Open to commercial and hobby winemakers:

http://ashevillewineandfood.com/commercial-and-non-commercial-winemakers-competition


----------



## jswordy (May 22, 2014)

From the organizers, received 5-22-14:



> There will no charge for the non-commercial wines. We may be reaching a point where we have to have a nominal fee, but that would be next year at the soonest.
> 
> Now you can do us a favor and get the word out that we will be having both a commercial and non-commercial wine eval.
> 
> The entry forms will be posted on website below by the end of this weekend. You can download your forms as you need them.



I'd say this is one forum members might want to support.


----------



## Boatboy24 (May 22, 2014)

jswordy said:


> From the organizers, received 5-22-14:
> 
> 
> 
> I'd say this is one forum members might want to support.



Oh, I'm all over this one! Thanks Jim!


----------



## franki1926 (May 22, 2014)

no fee is nice, any tasting notes ?


----------



## jswordy (May 22, 2014)

franki1926 said:


> no fee is nice, any tasting notes ?



You'll have to ask them. Most of the judge's notes I've received back from paid contests are garbage anyway, IMHO. That has been extremely disappointing to me.


----------



## Boatboy24 (Jun 17, 2014)

Heard back with a few more details. Here's what I got:

"There is no entry fee for amateur wines. Entry forms are on the the FBV website sited below. Go to the website and follow the directions. The form is actually located at the end of the Wine Evaluation section. Cut and paste the form and print as many as you need. We try to give tasting notes and usually do. We feel so strongly about that that we are planning a winter event where winemakers may submit wines for our evaluators to taste and then they will have direct contact with a member of FBV to give them feedback."

The site with the entry forms is http://www.frenchbroadvignerons.org/WineEval2.html 

The amateur form is at the bottom of the page. This sounds like it could be a nice competition, and the price is certainly right. He is going to get back to me later today or tomorrow regarding whether or not kit wines can be entered.


----------



## Boatboy24 (Jun 17, 2014)

> Kit wines are not an issue. So do your thing.



Kits are cool!


----------



## fabrictodyefor (Jun 17, 2014)

Is WY considered in the Appalachian region??? Ok, guess I'm just a few miles out of the way.


----------



## Boatboy24 (Jun 18, 2014)

fabrictodyefor said:


> Is WY considered in the Appalachian region??? Ok, guess I'm just a few miles out of the way.

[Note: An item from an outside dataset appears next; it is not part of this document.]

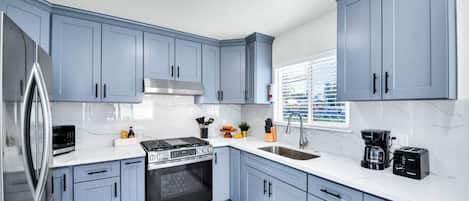 Jääkaappi, mikroaaltouuni, uuni, liesi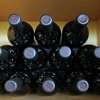 2022年5月8日星期日，加利福尼亚州圣海伦娜霍尔酒庄的品酒室里，几瓶赤霞珠(Cabernet Sauvignon)被堆放在架子上。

I don't think location matters for the amateur wines.


----------



## fabrictodyefor (Jun 18, 2014)

It does say, "Winemakers must reside in NC or the Appalachian Region to enter". A great opportunity though for those that live in the area.


----------



## Boatboy24 (Jun 18, 2014)

fabrictodyefor said:


> It does say, "Winemakers must reside in NC or the Appalachian Region to enter". A great opportunity though for those that live in the area.



Good catch.


----------



## sour_grapes (Jun 18, 2014)

fabrictodyefor said:


> Is WY considered in the Appalachian region??? Ok, guess I'm just a few miles out of the way.



Here's what you do: You hand-write the entry form, and when you write "WY," just shorten the descending part of the "Y." They will assume it was "WV" (which obviously puts you in the Appalachian region)!


----------



## asterof (Jun 26, 2014)

*On Site*

Do you need to be at the festival site in order to win or get recognition


----------